> [Data to examine]:
================
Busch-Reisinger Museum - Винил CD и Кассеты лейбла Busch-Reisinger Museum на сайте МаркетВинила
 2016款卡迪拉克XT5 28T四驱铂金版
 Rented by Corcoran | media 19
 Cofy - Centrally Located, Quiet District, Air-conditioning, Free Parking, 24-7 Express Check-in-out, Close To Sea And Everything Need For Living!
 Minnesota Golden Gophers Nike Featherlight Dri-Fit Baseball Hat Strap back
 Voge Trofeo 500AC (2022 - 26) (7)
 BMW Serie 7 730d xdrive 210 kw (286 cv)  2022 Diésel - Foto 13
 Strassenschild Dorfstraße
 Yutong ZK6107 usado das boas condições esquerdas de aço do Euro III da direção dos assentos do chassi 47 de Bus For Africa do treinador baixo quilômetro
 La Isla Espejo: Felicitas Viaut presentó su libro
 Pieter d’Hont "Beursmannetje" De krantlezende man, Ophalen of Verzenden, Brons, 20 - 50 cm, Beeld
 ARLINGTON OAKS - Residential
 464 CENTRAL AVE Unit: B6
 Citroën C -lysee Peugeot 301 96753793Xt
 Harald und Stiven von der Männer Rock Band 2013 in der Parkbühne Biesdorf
================
> [Problem details]: Transcribe every record verbatim.

> [Task response]:
Busch-Reisinger Museum - Винил CD и Кассеты лейбла Busch-Reisinger Museum на сайте МаркетВинила
 2016款卡迪拉克XT5 28T四驱铂金版
 Rented by Corcoran | media 19
 Cofy - Centrally Located, Quiet District, Air-conditioning, Free Parking, 24-7 Express Check-in-out, Close To Sea And Everything Need For Living!
 Minnesota Golden Gophers Nike Featherlight Dri-Fit Baseball Hat Strap back
 Voge Trofeo 500AC (2022 - 26) (7)
 BMW Serie 7 730d xdrive 210 kw (286 cv)  2022 Diésel - Foto 13
 Strassenschild Dorfstraße
 Yutong ZK6107 usado das boas condições esquerdas de aço do Euro III da direção dos assentos do chassi 47 de Bus For Africa do treinador baixo quilômetro
 La Isla Espejo: Felicitas Viaut presentó su libro
 Pieter d’Hont "Beursmannetje" De krantlezende man, Ophalen of Verzenden, Brons, 20 - 50 cm, Beeld
 ARLINGTON OAKS - Residential
 464 CENTRAL AVE Unit: B6
 Citroën C -lysee Peugeot 301 96753793Xt
 Harald und Stiven von der Männer Rock Band 2013 in der Parkbühne Biesdorf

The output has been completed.